La jeune femme de 37 ans n’avait pourtant pas l’ambition de diriger cette ex-république soviétique de 9,5 millions d’habitants, elle qui a renoncé à sa carrière pour se consacrer à son fils aîné, né malentendant.
Si elle est entrée dans la course, c’est que son mari Sergueï, un vidéo-blogueur en vue, a été emprisonné en mai après avoir fait acte de candidature, lui qui promettait d’écraser « le cafard » Alexandre Loukachenko.
Mme Tikhanovskaïa décide alors de reprendre le flambeau « par amour » pour son « coup de foudre » rencontré il y a 16 ans alors qu’elle était étudiante et lui patron d’une boîte de nuit.
Elle réunit les dizaines de milliers de parrainages nécessaires et la Commission électorale valide sa candidature à la surprise générale, quand celles de deux opposants, jugés plus sérieux, sont rejetées.
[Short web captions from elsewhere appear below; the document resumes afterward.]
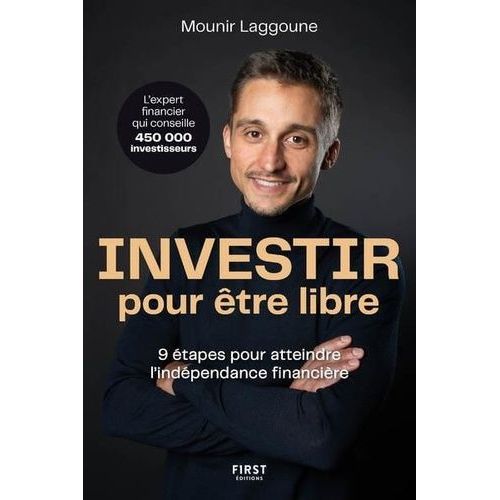 Investir Pour Être Libre - 9 Étapes Pour Atteindre L'indépendance Financière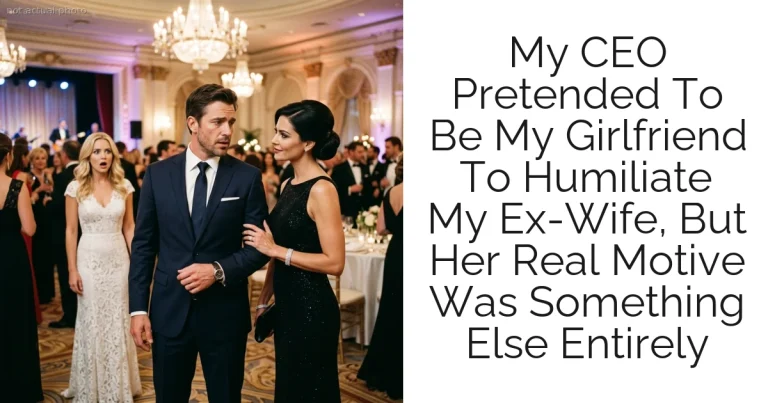 My CEO Pretended To Be My Girlfriend To Humiliate My Ex-Wife, But Her Real Motive Was Something Else Entirely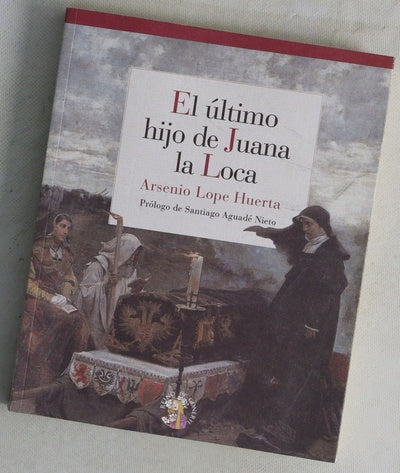 El último hijo de Juana la Loca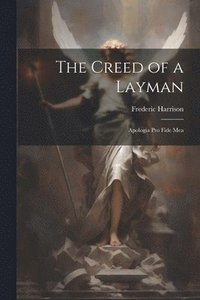 bokomslag The Creed of a Layman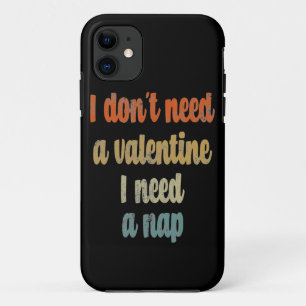 I Don't Need A Valentine I Need A Nap Funny quote iPhone 11 Case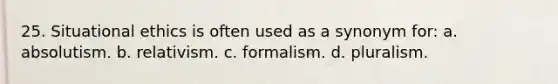 25. Situational ethics is often used as a synonym for: a. absolutism. b. relativism. c. formalism. d. pluralism.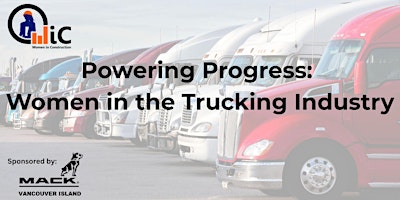 Image principale de Powering Progress: Women in the Trucking Industry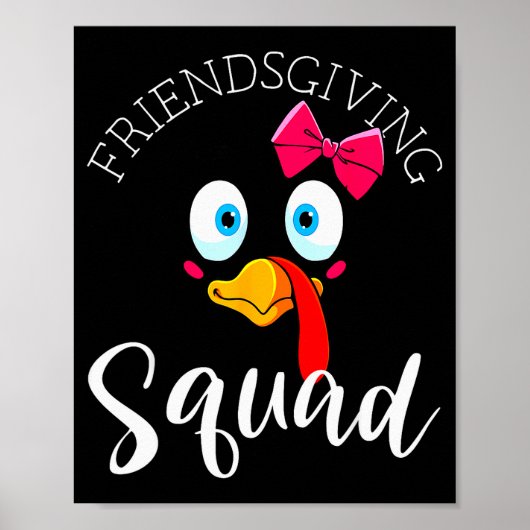 Friendsgiving Squad Happy Thanksgiving Turkey Day  Poster (Voorkant)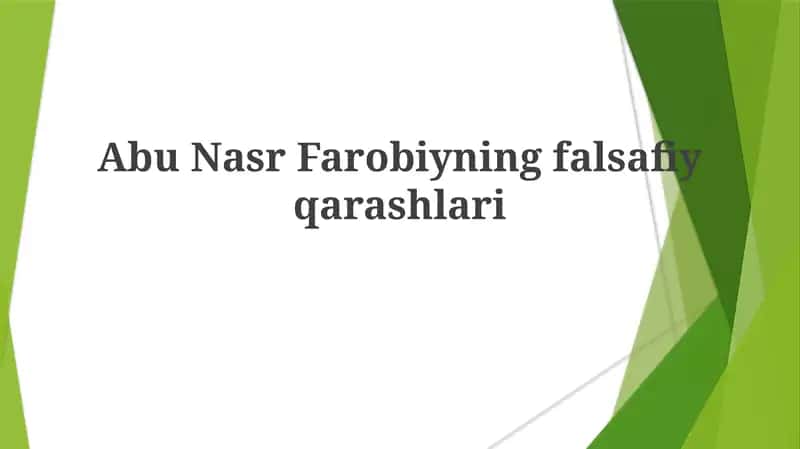 Abu Nasr Farobiynig falsafiy qarashlari 1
– « Fatiguée d’avoir peur » –
Mme Tikhanovskaïa se présente comme « une femme ordinaire, une mère, une épouse », qui mène la bataille par devoir malgré les menaces qui l’ont conduite à envoyer à l’étranger sa fille de 5 ans et son fils de 10 ans.
« J’abandonne ma vie tranquille pour (Sergueï), pour nous tous. Je suis fatiguée de tout devoir supporter, je suis fatiguée de me taire, je suis fatiguée d’avoir peur. Et vous ? », demande-t-elle à Minsk sous les vivats d’une foule de dizaines de milliers de personnes le 30 juillet.
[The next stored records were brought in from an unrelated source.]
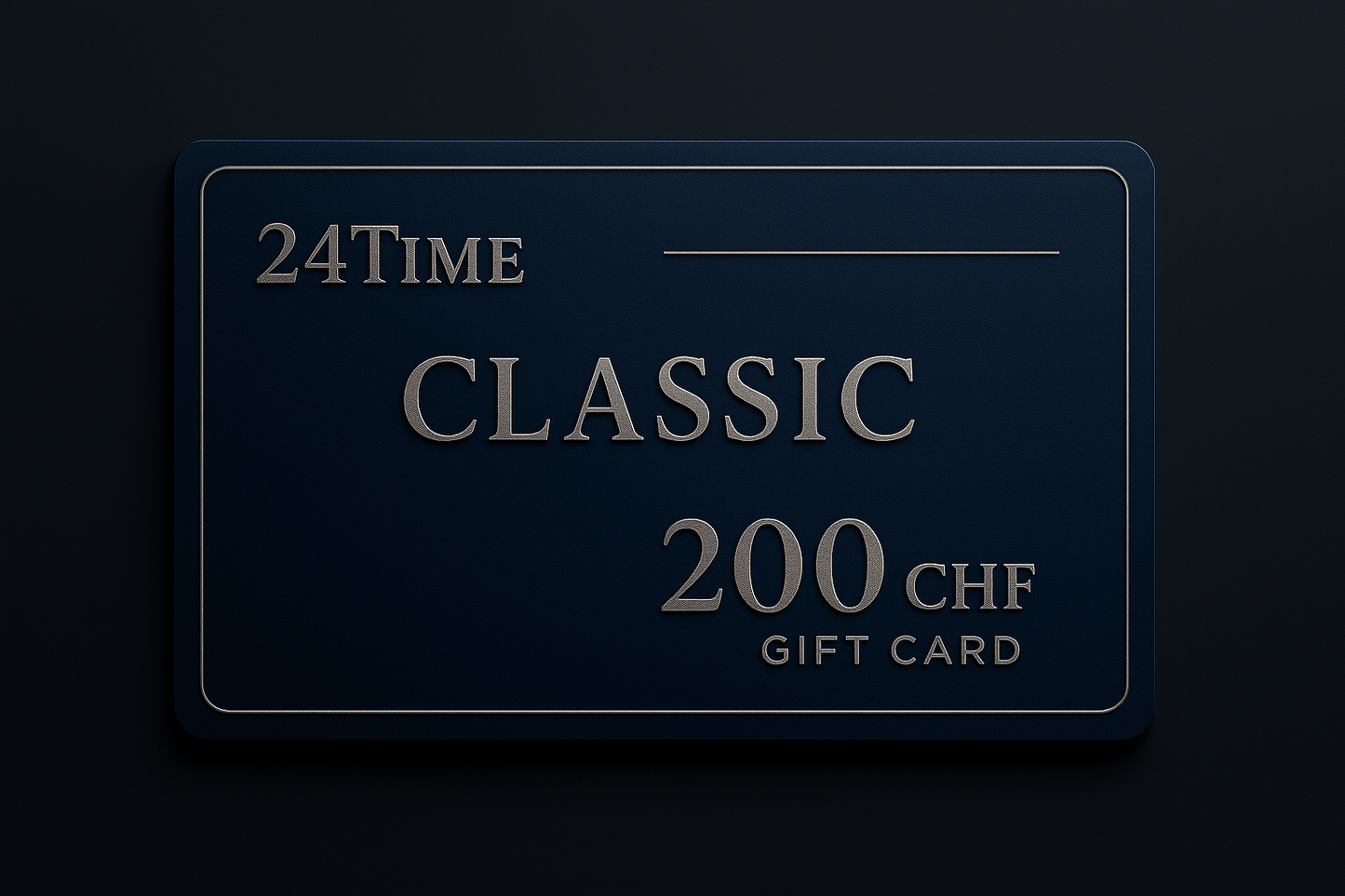 24Time Classic 200 CHF gift card on a dark background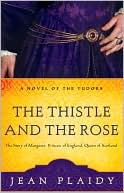 The Thistle and the Rose: The Story of Margaret, Princess of England, Queen of Scotland (Novel of the Tudors Series)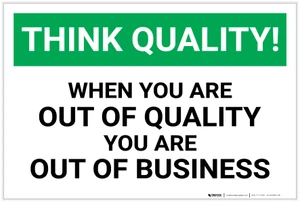 Think Quality: Out of Quality Out of Business - Label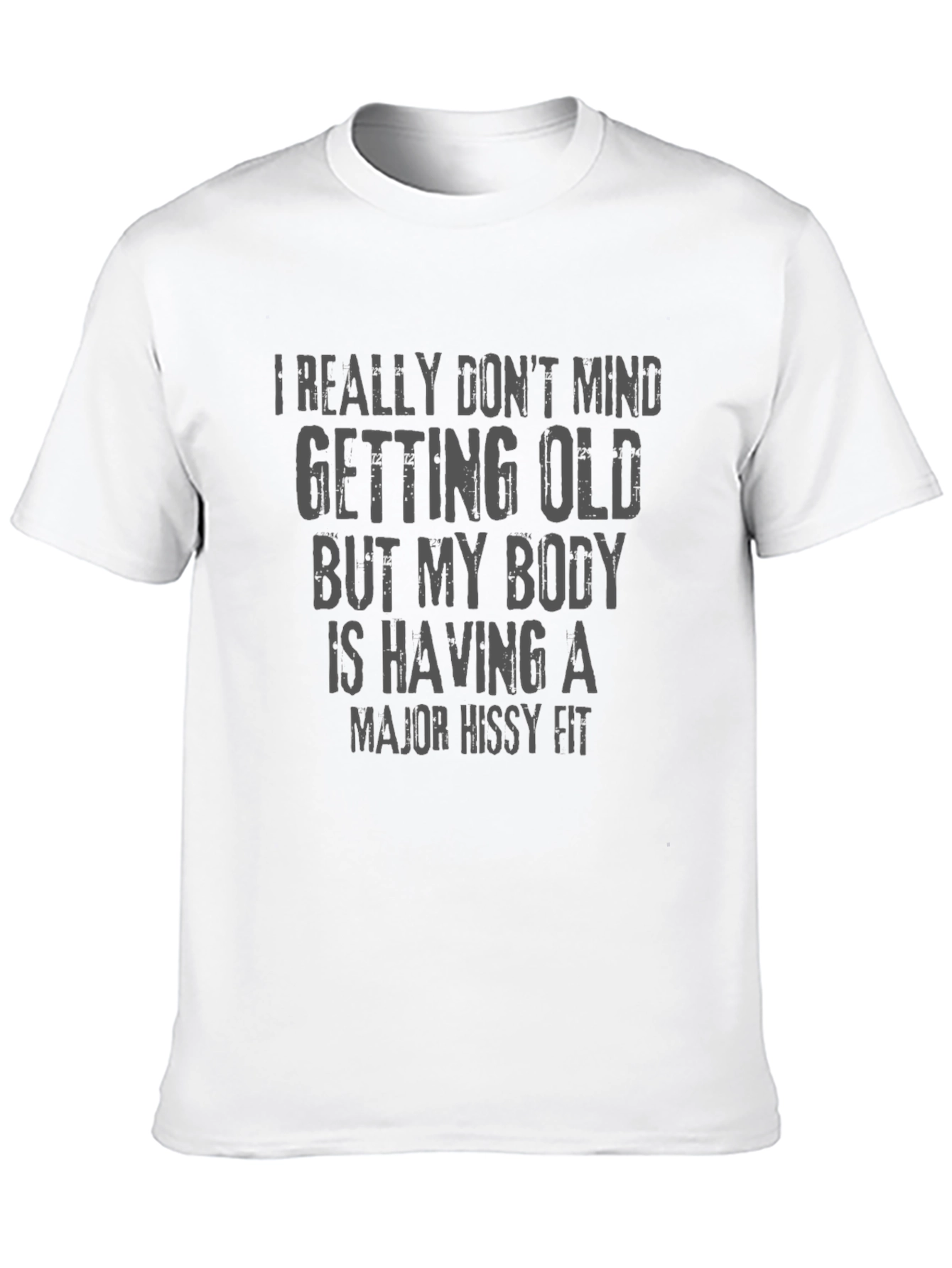 Funny Old Age T-Shirt - Hissy Fit Body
Son mari, poursuivi pour des accusations qualifiées de fantaisistes par ses partisans, est toujours incarcéré. Il est désormais accusé d’avoir voulu fomenter des émeutes avec des mercenaires russes.
Sur son programme, Svetlana Tikhanovskaïa est restée vague. Elle a surtout promis la libération des prisonniers politiques, un référendum constitutionnel et l’organisation de nouvelles élections libres.
La relation avec la Russie notamment, grand allié du Bélarus mais dont les relations avec M. Loukachenko se sont considérablement tendues, est un sujet sur lequel elle ne veut pas s’étendre.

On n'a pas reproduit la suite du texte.